* [TO DO]
Give again, exactly as written, the lines of the records below from the line with "My name is Ms." to the line with "Hello, my name". Both end lines count; pictures do not.

SOURCE DATA START

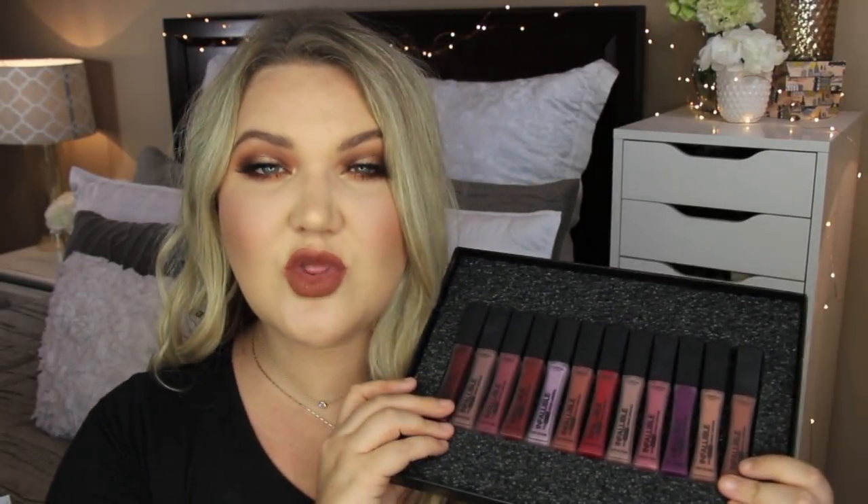Hi everyone, welcome back. So today I wanted to do a swatch video on these L'Oréal — I'm just going to take this entire box out because that will make it so much easier for me to try and show them, because every time I try and show them they flip everywhere. These are the L'Oréal Infallible Pro Matte Liquid Lipsticks.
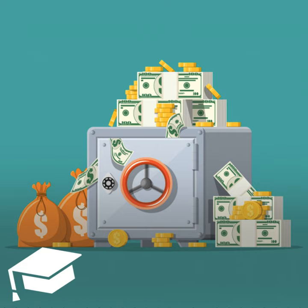Welcome to the College Investor Audio Show, where we talk about the biggest issues impacting millennial money. From student loan debt, to side hustles, to building wealth, we will show you how to get out of debt so that you can build real wealth for the future.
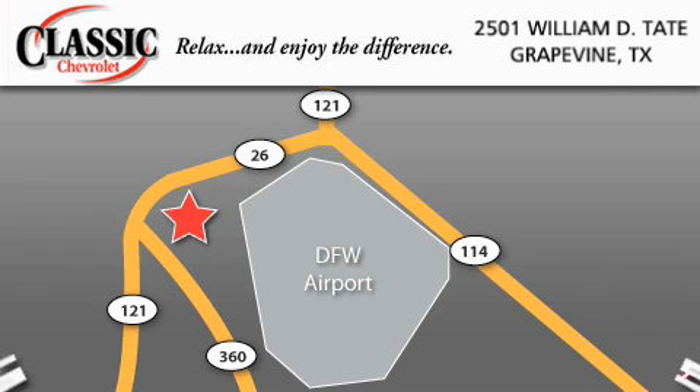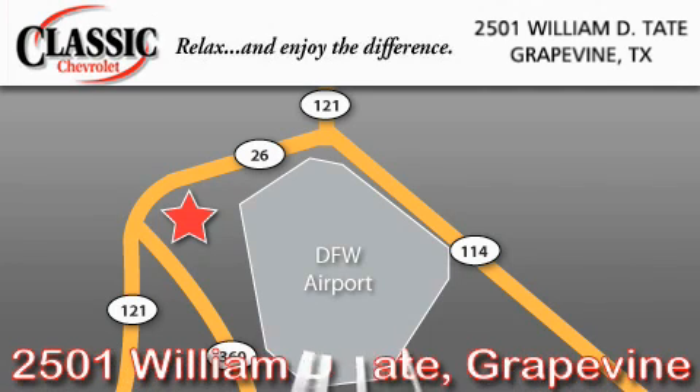Classic Chevrolet is located at 2501 William D. Tate in Grapevine. Our goal is to exceed all of your expectations to ensure that you will return for future visits.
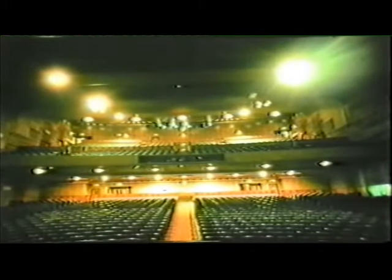Its rather dowdy interior, in these 1975 shots, was much improved by redecoration when the area under the balcony became two mini cinemas in 1976. It has since closed for a replacement scheme incorporating new cinemas, which has suffered seemingly endless delays.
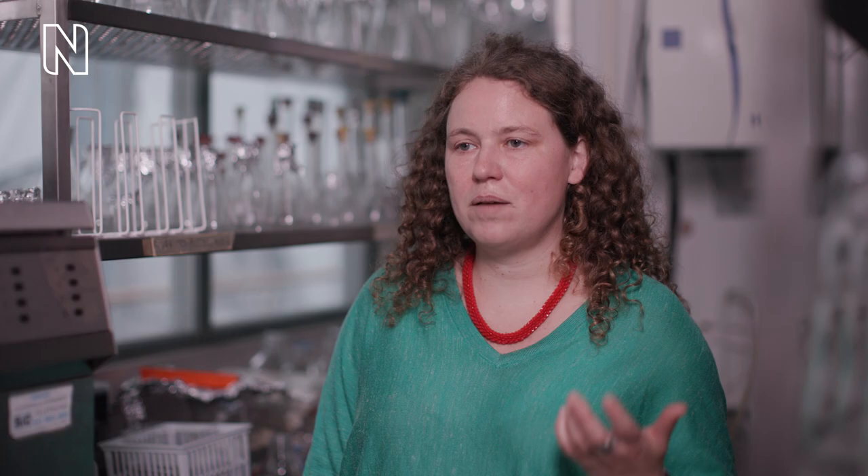So algae, shrimps and larvae have this orange colour, and it's from a compound called carotenoid. It's the same compound that's also in pumpkins and carrots and turns them orange too.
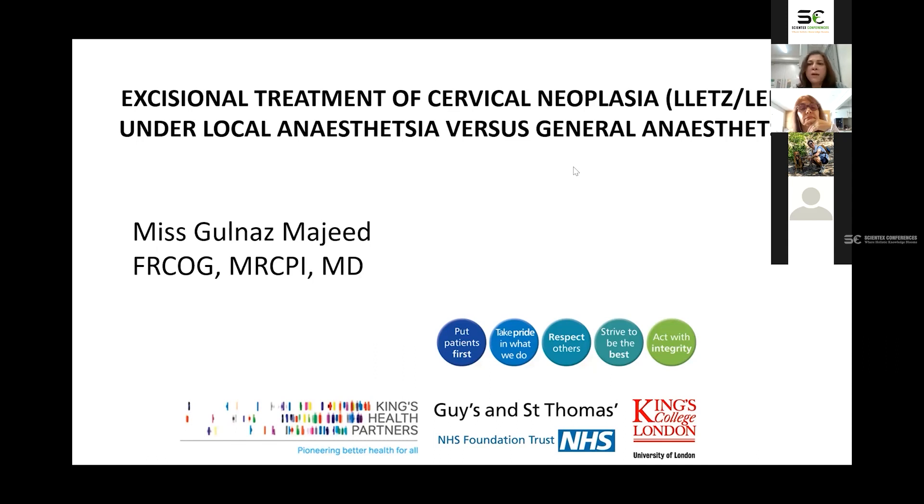My name is Ms. Majeed. I'm a consultant gynecologist at Guy's and St. Thomas's Hospital, London. Thank you very much for inviting me to present my data on this topic of excisional treatment of cervical neoplasia under local anesthesia versus general anesthesia.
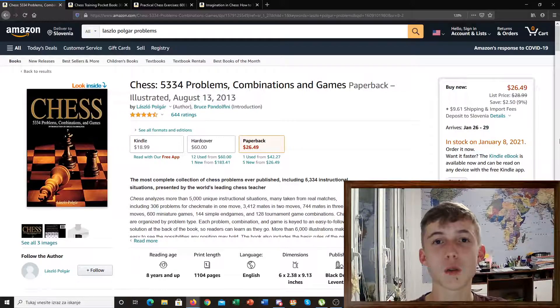Welcome to Awesome Chess Books, where I recommend some very nice chess books to take your game to the next level. Today we're going to take a look at chess combinations exercises books.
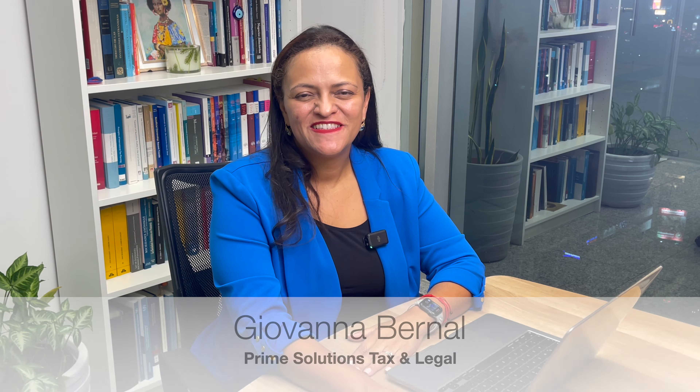Hello, my name is Giovanna Bernal. I'm a Panama attorney with more than 15 years of experience, and today I will share with you what are the steps when selling a property in Panama.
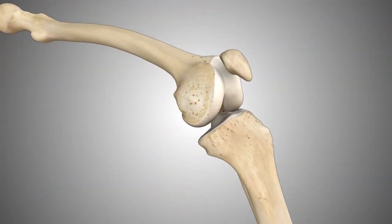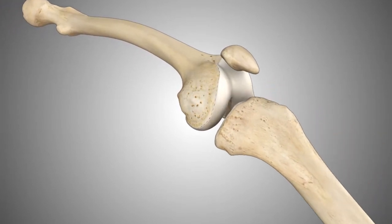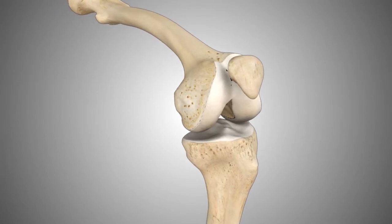In a healthy knee, cartilage protects the bones and allows them to glide smoothly as the knee moves. As cartilage is damaged or worn away, movement can become painful.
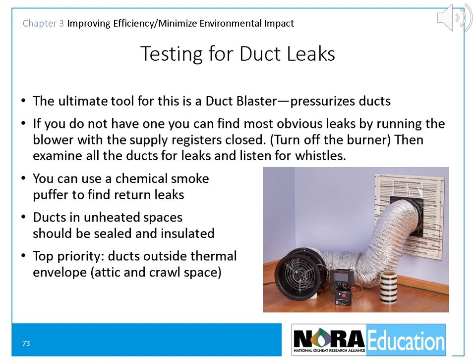Testing for duct leaks: the ultimate tool is a duct blaster, which pressurizes the ducts. If you do not have one, you can find the most obvious leaks by running the blower with the supply registers closed — turn off the burner to do this — then examine all the ducts for leaks and listen for whistles. You can also use a chemical smoke puffer to find return leaks. Ducts in unheated spaces should be sealed and insulated; the top priority is ducts outside the thermal envelope, the attic, and the crawl space.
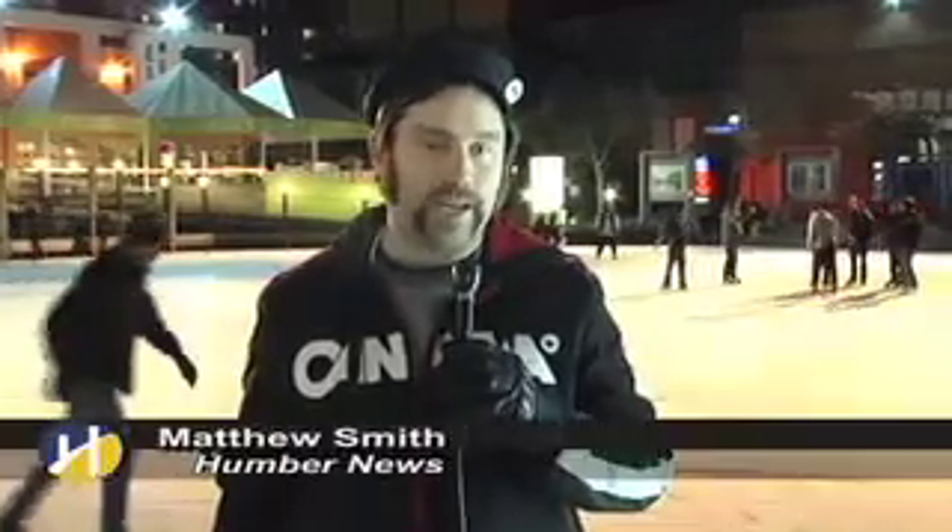Whether you're four or 70, the Natural Rink here at Harbourfront Centre is the place to be. For Humber News, I'm Matthew Smith.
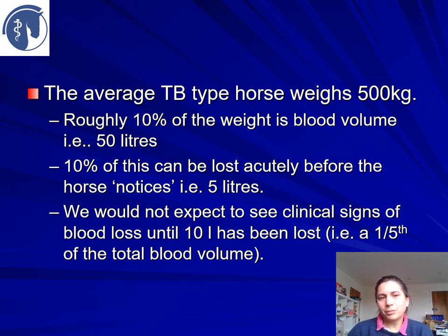Some ballpark numbers: your average thoroughbred-type horse weighs about 500 kilos. About 10% of body weight equals blood volume, so that's about 50 litres, and 10% of this — about 5 litres — can be lost acutely before the horse notices physiologically. Five litres of blood can make quite a big puddle on the floor. We wouldn't expect to see signs of blood loss until about 10 litres have been lost — that's when we start getting seriously concerned, when the horse's heart rate will start to go up, gums may be paler, and the horse may show signs of agitation and distress.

SOURCE DATA END

* [RESPONSE FOR THIS EXERCISE]
My name is Ms. Majeed. I'm a consultant gynecologist at Guy's and St. Thomas's Hospital, London. Thank you very much for inviting me to present my data on this topic of excisional treatment of cervical neoplasia under local anesthesia versus general anesthesia.
Welcome to Awesome Chess Books, where I recommend some very nice chess books to take your game to the next level. Today we're going to take a look at chess combinations exercises books.
Hello, my name is Giovanna Bernal. I'm a Panama attorney with more than 15 years of experience, and today I will share with you what are the steps when selling a property in Panama.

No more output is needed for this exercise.